▶ [About this exercise]: Give all the lines below again, exactly, with no pictures.

▶ [Collected data]:
┌────────
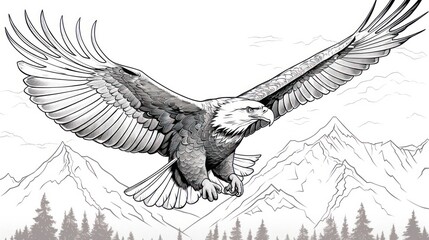 Eagle flying over mountains
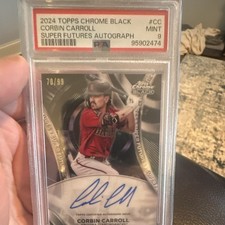 Topps 2024 Chrome Black Corbin Carroll Super Futures Auto Gold /99 PSA 9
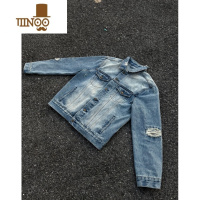 YANXUGTAL美式休闲牛仔衣蓝色水洗做旧春季破洞百搭情侣复古夹克外套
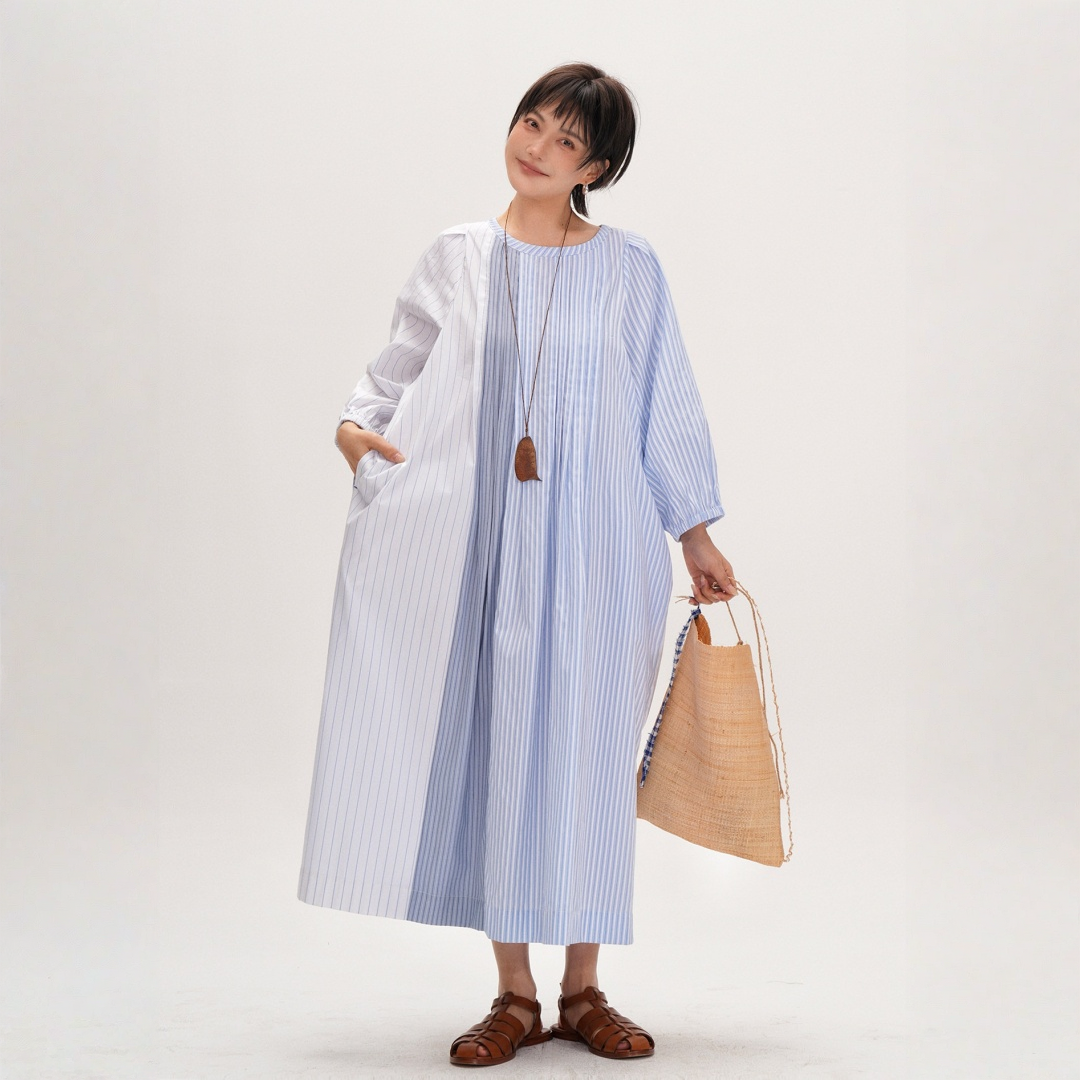 【ワンピース】【15～20日内発送】ルーズスタイル 切り替えデザイン ストライプ  長袖 ワンピース 【JZシリーズ】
└────────
▶ [Response]:
 Eagle flying over mountains
 Topps 2024 Chrome Black Corbin Carroll Super Futures Auto Gold /99 PSA 9
 YANXUGTAL美式休闲牛仔衣蓝色水洗做旧春季破洞百搭情侣复古夹克外套
 【ワンピース】【15～20日内発送】ルーズスタイル 切り替えデザイン ストライプ  長袖 ワンピース 【JZシリーズ】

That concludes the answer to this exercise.